The Wiki Coffin short stories, published in
The Alfred Hitchcock Mystery Magazine,
feature Wiki’s adventures in his early youth, after he ran away from the
college in the forests of New Hampshire, where his stepmother had sent him to
learn to be a missionary. Sailing away from New England as a greenhand on the
elderly Nantucket whaleship Paths of Duty,
he learned the skills of seamanship, found an aptitude for picking up foreign
languages by talking to Portuguese shipmates, and solved one mystery after
another.
Then, anxious to rejoin his Maori mother’s
family, he jumped ship in the Bay of Islands, New Zealand, where he solved a
couple more mysteries before signing onto a ship that was bound for the East
Indies, where his adventures recommenced.
This short story was written to link the two, by getting Wiki back into the Pacific and onto a New England whaleship, on the verge of his adventures with the Exploring Expedition.
And here is the premise:
Wiki had been enjoying
life in the East Indies and the South China Sea. He could speak the local language, so had
sailed happily on coastwise craft in the company of Bugis rogues and pirates.
But then George Rochester had arrived on the Potomac, and while it had been delightful to get together with his
old college friend, it had also ruined Wiki’s current existence.
Because of that
twice-damned dog....
Not only did I have fun writing it, but the first part of the setting took me back to a really exotic visit Ron and I made, to a dot in the Indian Ocean, just south of Java, called Christmas Island. The wildlife is amazing, and yes, there truly are robber crabs. The photo on the front was taken by Ron.
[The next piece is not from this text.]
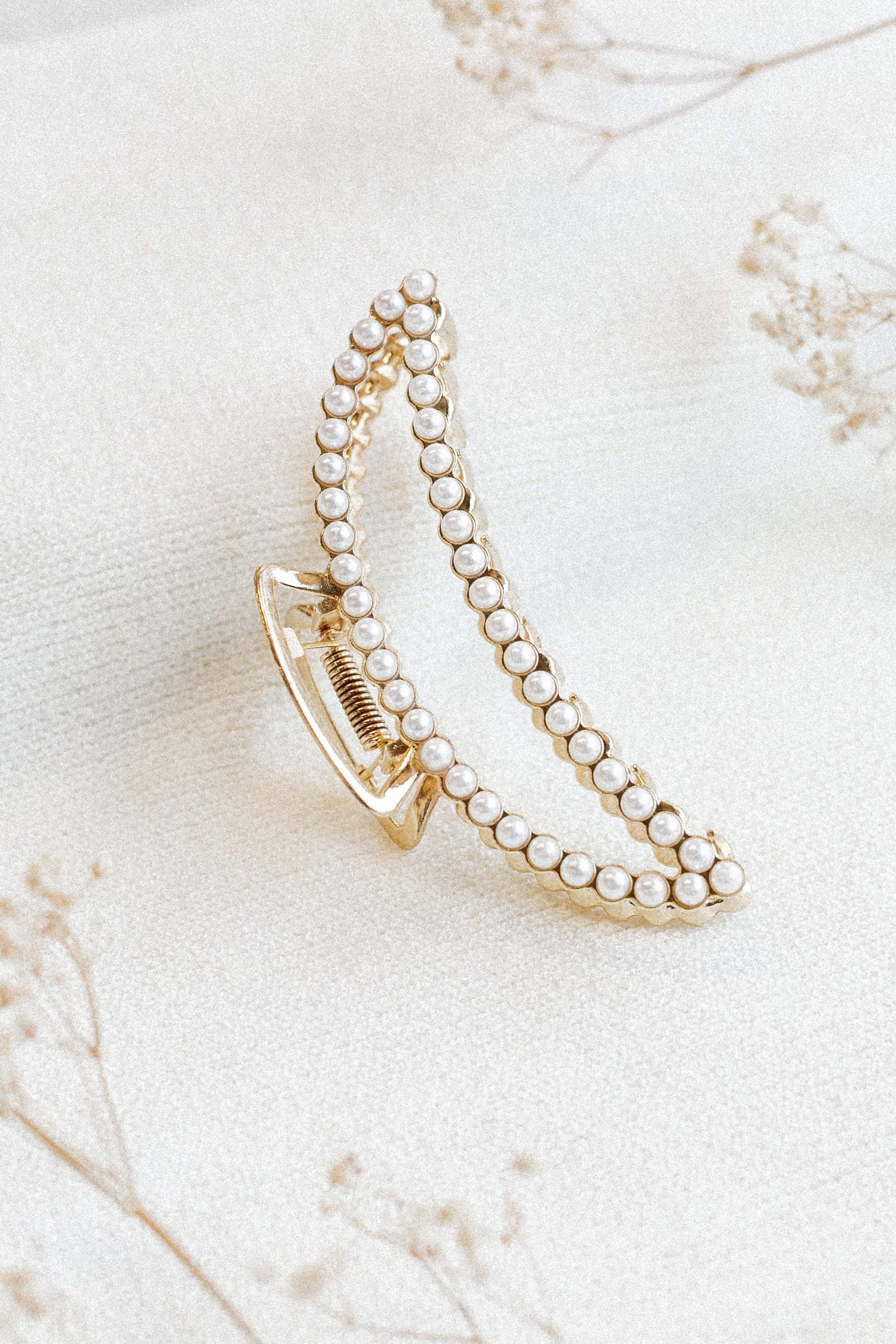 Gold Pearl Hair Clip - Triska Claw Style Hair Accessory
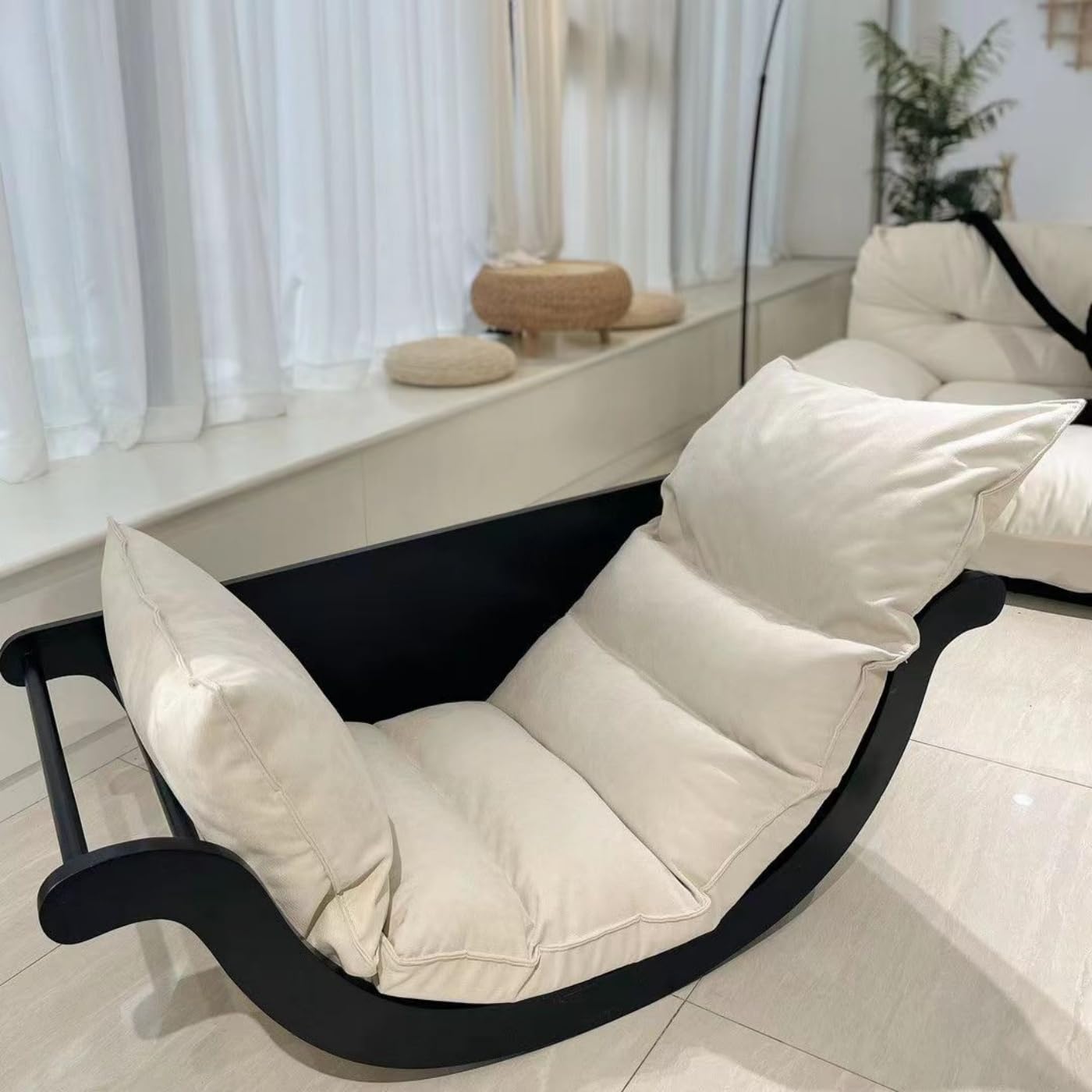 バナナ型ロッキングチェア ソファ しっかりした作りで存在感大！これ一つで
But I definitely wanted to make it free, along with a preview of the fifth in the book series, The Beckoning Ice. This was easy enough on smashwords, and courtesy of Draft2Digital, it was also easily made free on Kobo and so forth. And smashwords is amazing. Even though I haven't mentioned this story being online until now, more than 40 were downloaded in the first few hours.
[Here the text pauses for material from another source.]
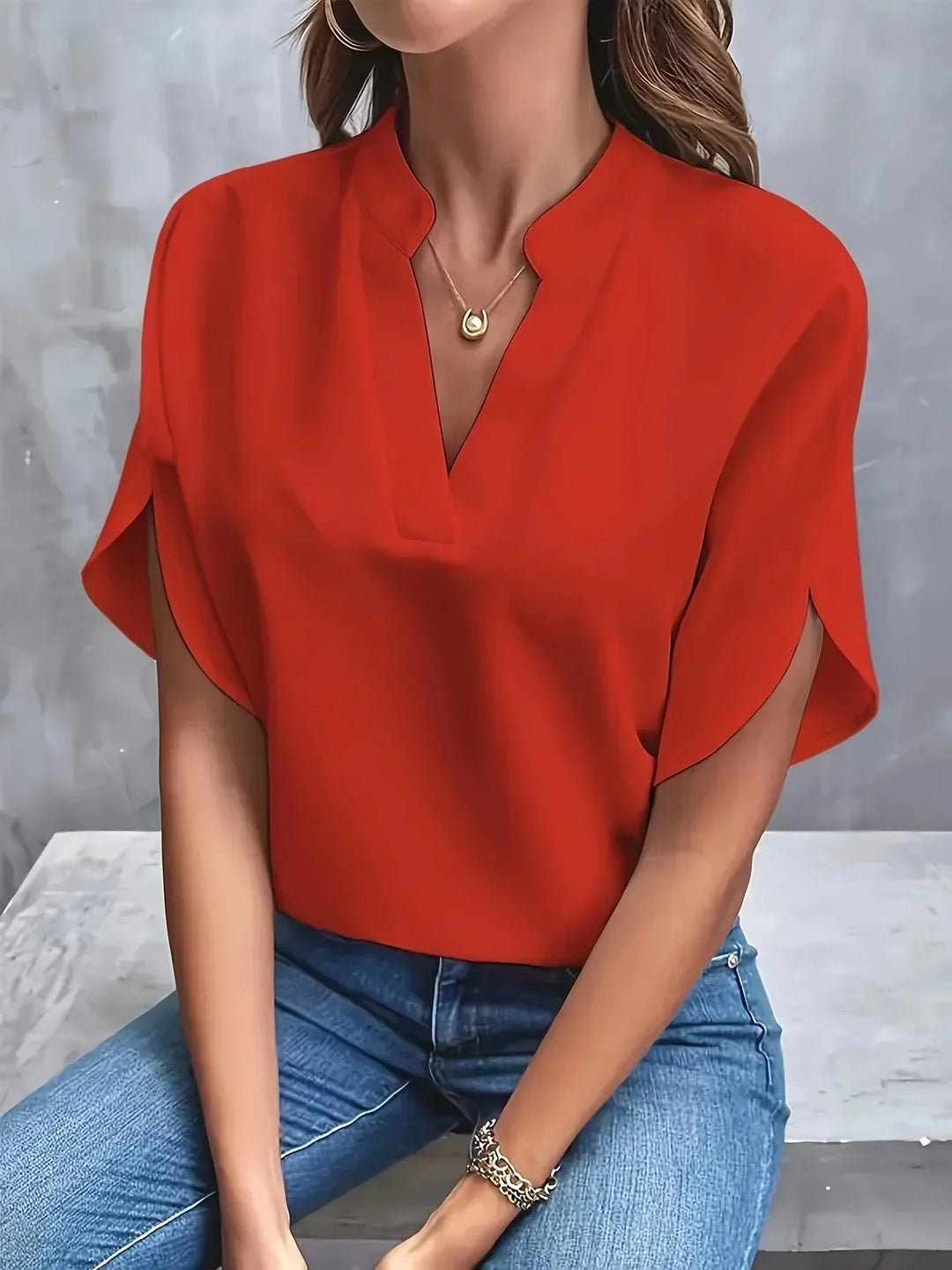 Bella | Women's Short Sleeve Notch Neck Casual Summer Blouse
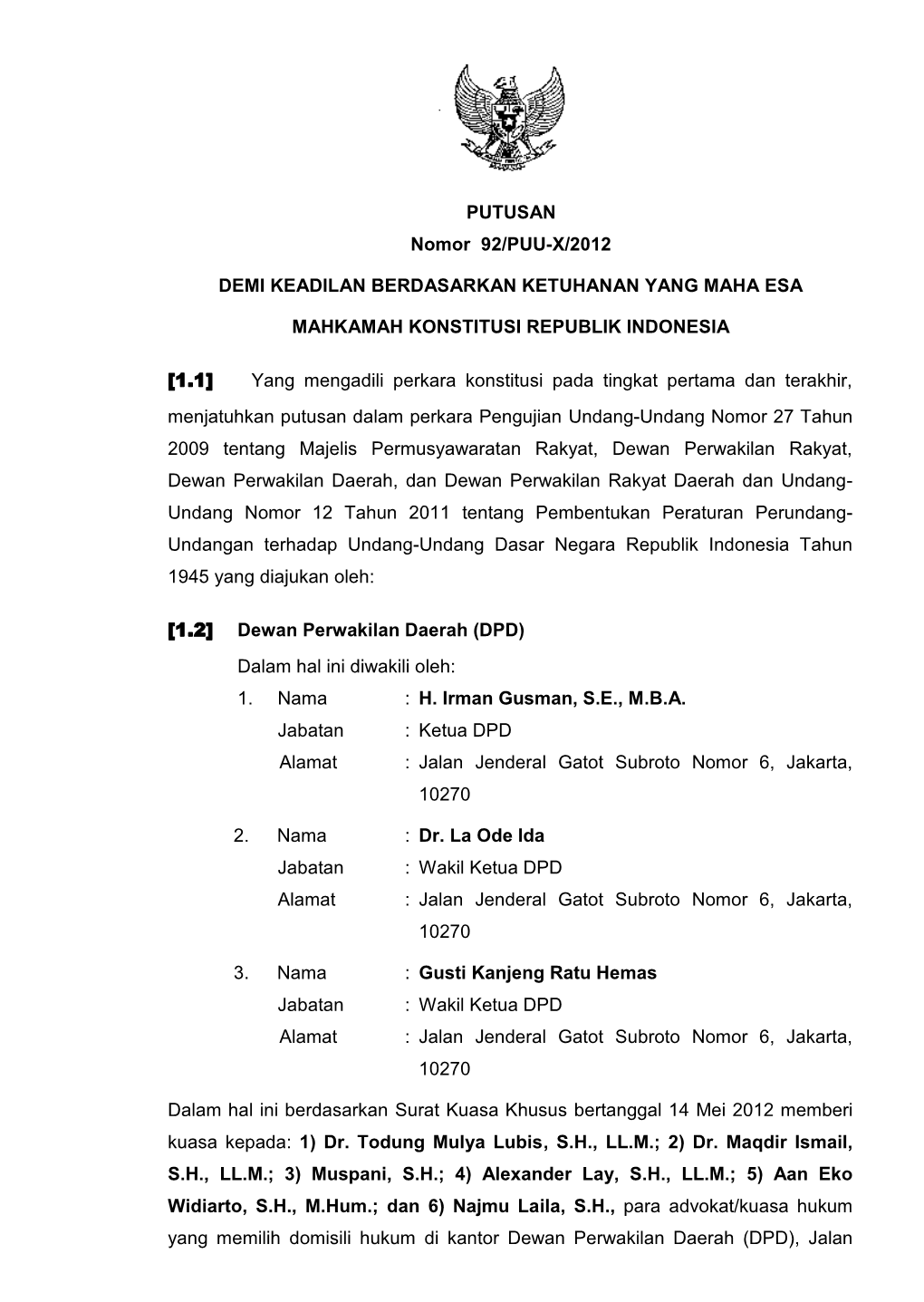 Putusan Mahkamah Konstitusi Nomor 92/PUU-X/2012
But can I persuade Amazon to make it free? No. They (or their robot) insists that the lowest price must be 99 cents. So how did Kernick's publishers manage to get The Debt listed for nothing? There must be a trick. So far, I am doing my best by clicking "tell us about a lower price" and pasting in the URL for one of the other internet book sites, but so far, it isn't working.
So, in the meantime, find it on another site, such as smashwords or nook.
4 comments:
Robber crabs sound rather terrifying, Joan! Gorgeous colours, and what a wonderfully exotic setting.
Regarding having it set to free: Amazon may well choose to price-match, as they have with my Sentence of Marriage. B&N and iBooks are two they're more likely to respond to; Smashwords is less likely, from what I've come across other authors stating.
Sometimes it takes a while for their price-matching to kick in, so you may yet have success. From memory (it's been a while), it took a few weeks for me.
Thanks for that, Shayne. Sentence of Marriage is a marvelous book and the success of your series based on making the first free is inspirational.
What a truly magnificent jacket!
Thank you! Ron took the photograph of the background, too. The bush on Christmas Island is spookily bare of undergrowth. This is because these huge crabs eat the seeds before they can sprout. The few saplings that do survive are free to reach for the sky.